With the Olympics about to start and concerns mounting about Rio’s readiness to host the Summer Games, we are about to be inundated with news stories talking about the costs of the host country. It’s not an unfamiliar story – just one that gets updated either for the Olympics or for some other major event that a city or country hosts.
For example, while the final receipts are not totaled, it looks like the Republican National Convention (RNC) visit to Cleveland was not the positive financial windfall for the city organizers had hoped. In fact, a number of the city’s bars and restaurants surrounding the Convention area found themselves shockingly empty. Even hotels that expected to be booked solid had plenty of vacancies. That’s not great news for a city or state that was hoping to bring in significant tax revenue to help offset the tremendous security costs that were put in place to protect convention attendees. Experts had forecasted that the convention would cost around $114 million with Ohio taxpayers paying for half of the expenses and sponsors and private donations picking up the remaining tab.
Then there was the recent announcement by Wright State University in Ohio that it was backing out as the host of the first of the 2016 presidential debates, citing the skyrocketing security costs as the reason. While it certainly would be a tremendous honor and marketing opportunity for the state-run university to host the debate, it was going to cost the school $5 million to $11 million in security costs to safeguard it. Wright State’s leadership essentially said, “Thanks but no thanks.” In its place, Hofstra University in New York, who hosted presidential debates in 2008 and 2012, will host the 2016 contenders, making it the first time any university has hosted three such historic encounters.

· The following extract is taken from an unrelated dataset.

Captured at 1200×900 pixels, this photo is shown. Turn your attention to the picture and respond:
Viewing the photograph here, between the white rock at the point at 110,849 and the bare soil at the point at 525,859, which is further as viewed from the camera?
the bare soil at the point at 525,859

While any of these types of events are tremendous opportunities to showcase a city to the world, the burden of hosting them is growing exponentially each passing day. Besides having the physical infrastructure to operate the event so it looks perfect for viewers around the world, securing the venue and its participants and attendees is the cost that seems to be the ultimate budget killer.
In an era where ISIS-inspired attackers and other lone wolf actors are finding more and more inventive and less complex means to kill and maim innocents (especially at large showcase events), host cities cannot afford to shortchange security. Personnel, training and equipment are not cheap, and if it is cheap, it’s probably not the quality you want to protect people.

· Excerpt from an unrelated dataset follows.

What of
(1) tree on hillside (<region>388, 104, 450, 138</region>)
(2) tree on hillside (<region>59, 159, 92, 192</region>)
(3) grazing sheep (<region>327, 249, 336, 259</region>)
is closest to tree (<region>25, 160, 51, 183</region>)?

Elected officials and local chamber of commerce leaders are always looking for ways to showcase their hometowns. Besides bragging rights, newsworthy photo ops, tons of free publicity, and the increased business and tourism that is generated by all of the “out of towners” coming to participate, major events have a way letting the public see a city in a new, and often positive, light.
But with the Rio Olympics readiness being questioned (along with the security preparations), the political convention cities literally fencing off whole sections of their downtowns to safeguard convention goers and protestors for protection (often from each other), and ever-increasing security costs, the same elected officials and local business leaders vying for their hometown’s place in the sun are probably starting to ask themselves, is being a host city worth it?
That’s a question I expect to see come up a lot during the Rio Olympics. A simple Google search of past Olympic venues will give you any number of stories and photos that chronicle how once gleaming facilities that welcomed the world and showcased the ultimate of sports competitions now lie in utter ruin and disrepair.
The news stories about the economic burden that the Olympics have put on Rio are beginning to eclipse those that were written about Greece when it hosted the Summer Games in 2004. And while those games are a memory and the once state-of-the-art facilities they created are now in disrepair, the construction, infrastructure, and security costs of those games remain very much a huge fiscal burden to the country that gave us the first Olympics.
Taxpayers, business leaders and elected officials always have challenges in figuring out how much money to spend on infrastructure, daily operations and essential services. Figuring out how much to spend on being a big-time host is daunting enough, but as security costs continue to climb and very real threats against those events and attendees continue to grow, it won’t be a surprise to me to see more cities and leaders follow the lead of Wright State University and say, “No thank you.”